━━━━━ Records provided

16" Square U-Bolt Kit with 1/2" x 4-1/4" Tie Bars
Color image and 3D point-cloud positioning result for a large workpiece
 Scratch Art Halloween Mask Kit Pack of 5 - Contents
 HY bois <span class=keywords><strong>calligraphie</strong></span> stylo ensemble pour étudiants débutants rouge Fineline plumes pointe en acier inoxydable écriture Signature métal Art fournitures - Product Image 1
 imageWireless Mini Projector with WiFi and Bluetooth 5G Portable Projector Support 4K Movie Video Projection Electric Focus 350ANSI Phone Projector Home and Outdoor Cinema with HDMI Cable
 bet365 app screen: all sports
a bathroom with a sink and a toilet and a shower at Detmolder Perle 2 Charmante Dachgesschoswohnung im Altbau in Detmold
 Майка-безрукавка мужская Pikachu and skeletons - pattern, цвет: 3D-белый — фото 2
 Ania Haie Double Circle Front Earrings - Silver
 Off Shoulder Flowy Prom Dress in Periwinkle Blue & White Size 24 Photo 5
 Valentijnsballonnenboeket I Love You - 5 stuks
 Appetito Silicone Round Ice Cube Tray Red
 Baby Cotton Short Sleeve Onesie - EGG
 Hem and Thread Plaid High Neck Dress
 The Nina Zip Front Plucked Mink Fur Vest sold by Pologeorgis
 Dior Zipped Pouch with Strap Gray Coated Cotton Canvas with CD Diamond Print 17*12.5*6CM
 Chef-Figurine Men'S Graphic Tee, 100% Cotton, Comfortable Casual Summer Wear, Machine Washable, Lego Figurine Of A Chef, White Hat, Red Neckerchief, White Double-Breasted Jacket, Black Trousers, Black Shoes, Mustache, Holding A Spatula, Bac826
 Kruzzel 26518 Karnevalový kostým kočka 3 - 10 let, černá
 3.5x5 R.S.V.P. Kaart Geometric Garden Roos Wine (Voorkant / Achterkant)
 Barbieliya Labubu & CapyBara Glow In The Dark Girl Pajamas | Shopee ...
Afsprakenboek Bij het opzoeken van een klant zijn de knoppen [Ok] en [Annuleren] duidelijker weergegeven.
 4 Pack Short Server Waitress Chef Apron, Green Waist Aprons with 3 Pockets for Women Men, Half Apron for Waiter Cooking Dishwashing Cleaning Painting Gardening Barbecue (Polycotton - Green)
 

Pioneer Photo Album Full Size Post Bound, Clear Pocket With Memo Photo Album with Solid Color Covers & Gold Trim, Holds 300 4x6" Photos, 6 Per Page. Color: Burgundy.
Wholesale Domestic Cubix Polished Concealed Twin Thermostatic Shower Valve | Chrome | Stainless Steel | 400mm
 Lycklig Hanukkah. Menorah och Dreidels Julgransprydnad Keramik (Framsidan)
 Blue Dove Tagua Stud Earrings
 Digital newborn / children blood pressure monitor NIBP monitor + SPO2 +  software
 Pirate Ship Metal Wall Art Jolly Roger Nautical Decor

━━━━━━━━━━

Problem: Write down every record shown above precisely.

Answer space:
16" Square U-Bolt Kit with 1/2" x 4-1/4" Tie Bars
Color image and 3D point-cloud positioning result for a large workpiece
 Scratch Art Halloween Mask Kit Pack of 5 - Contents
 HY bois <span class=keywords><strong>calligraphie</strong></span> stylo ensemble pour étudiants débutants rouge Fineline plumes pointe en acier inoxydable écriture Signature métal Art fournitures - Product Image 1
 imageWireless Mini Projector with WiFi and Bluetooth 5G Portable Projector Support 4K Movie Video Projection Electric Focus 350ANSI Phone Projector Home and Outdoor Cinema with HDMI Cable
 bet365 app screen: all sports
a bathroom with a sink and a toilet and a shower at Detmolder Perle 2 Charmante Dachgesschoswohnung im Altbau in Detmold
 Майка-безрукавка мужская Pikachu and skeletons - pattern, цвет: 3D-белый — фото 2
 Ania Haie Double Circle Front Earrings - Silver
 Off Shoulder Flowy Prom Dress in Periwinkle Blue & White Size 24 Photo 5
 Valentijnsballonnenboeket I Love You - 5 stuks
 Appetito Silicone Round Ice Cube Tray Red
 Baby Cotton Short Sleeve Onesie - EGG
 Hem and Thread Plaid High Neck Dress
 The Nina Zip Front Plucked Mink Fur Vest sold by Pologeorgis
 Dior Zipped Pouch with Strap Gray Coated Cotton Canvas with CD Diamond Print 17*12.5*6CM
 Chef-Figurine Men'S Graphic Tee, 100% Cotton, Comfortable Casual Summer Wear, Machine Washable, Lego Figurine Of A Chef, White Hat, Red Neckerchief, White Double-Breasted Jacket, Black Trousers, Black Shoes, Mustache, Holding A Spatula, Bac826
 Kruzzel 26518 Karnevalový kostým kočka 3 - 10 let, černá
 3.5x5 R.S.V.P. Kaart Geometric Garden Roos Wine (Voorkant / Achterkant)
 Barbieliya Labubu & CapyBara Glow In The Dark Girl Pajamas | Shopee ...
Afsprakenboek Bij het opzoeken van een klant zijn de knoppen [Ok] en [Annuleren] duidelijker weergegeven.
 4 Pack Short Server Waitress Chef Apron, Green Waist Aprons with 3 Pockets for Women Men, Half Apron for Waiter Cooking Dishwashing Cleaning Painting Gardening Barbecue (Polycotton - Green)
 

Pioneer Photo Album Full Size Post Bound, Clear Pocket With Memo Photo Album with Solid Color Covers & Gold Trim, Holds 300 4x6" Photos, 6 Per Page. Color: Burgundy.
Wholesale Domestic Cubix Polished Concealed Twin Thermostatic Shower Valve | Chrome | Stainless Steel | 400mm
 Lycklig Hanukkah. Menorah och Dreidels Julgransprydnad Keramik (Framsidan)
 Blue Dove Tagua Stud Earrings
 Digital newborn / children blood pressure monitor NIBP monitor + SPO2 +  software
 Pirate Ship Metal Wall Art Jolly Roger Nautical Decor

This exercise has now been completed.